Survey shows more than half of city’s tech companies plan to increase staff by at least 20% this year
It’s good to be king, the saying goes. But right now, being an engineer in New York might be better.
According to a new survey of hiring trends, the city’s economy is growing so fast that 80% of tech companies will be adding engineering staff this year, with 53% increasing their tech workforce by more than 20%.
Perhaps even more surprising for a city that has long had an inferiority complex over its tech talent pool, half of the 80 companies that took part in the survey were confident they could find the product and web engineers they need in New York. The rest were worried about having enough staff to continue to innovate, and will be looking in Silicon Valley, Boston and Seattle.
“The good news here is that a lot of companies are hiring, and they’re looking for technical balance,” said Julie Samuels, executive director of the trade group Tech:NYC, which worked on the survey with Accenture. “For a long time, if you worked in tech, there were forces pushing you to the West Coast. But now, if you’re interested in the things New York has to offer, there is plenty of opportunity here.”
Among the things New York has, the survey found, are diverse people, cultural and entertainment attractions, and industries.
“Just for testing their products, there’s a much broader ecosystem,” said Lynn McMahon, office managing director for Accenture’s New York Metro region.
The city has also benefited from its investment in computer education, with the recently opened Cornell Tech campus now turning out a steady stream of graduates, and NYU Tandon and the CUNY system stepping up efforts.
Some companies that took part in the survey say it remains hard to find senior-level engineers in the city, but that they’ve found ways around the shortage, including training junior people themselves.
“We embed them in teams with the senior people,” said Martin Brodbeck, chief technology officer at Shutterstock, which provides a platform for the sale of images and music.
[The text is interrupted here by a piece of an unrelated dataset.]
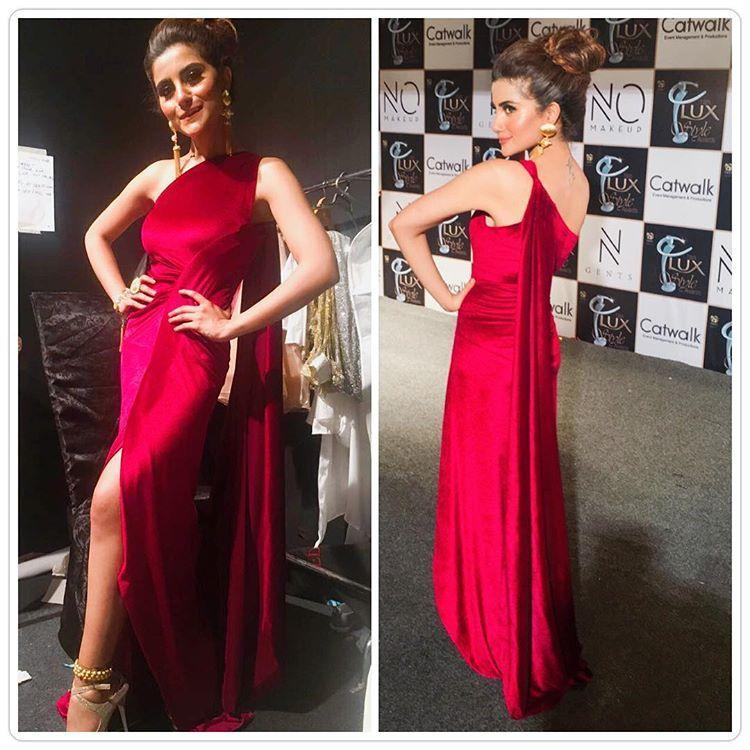 21 Pakistani Actresses Who Look HOT In Red Photos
The company now hires eight to 10 Cornell Tech graduates a year.
“We are looking to expand to more universities,” he added.
Other companies that are finding the talent they need in New York say the density of the city and its extensive networking groups make it a relatively easy place to recruit.
“It is better than anywhere in the world when it comes to opportunities to network,” said Joy Sybesma, chief people officer at ad-tech company Kargo. “Having our head engineer go to a meetup and do a presentation on data science is a more productive use of time than sending him to a career fair.”
More than 40% of companies surveyed said artificial intelligence is a top hiring priority this year, and close to a third thought they’d have a hard time finding AI expertise.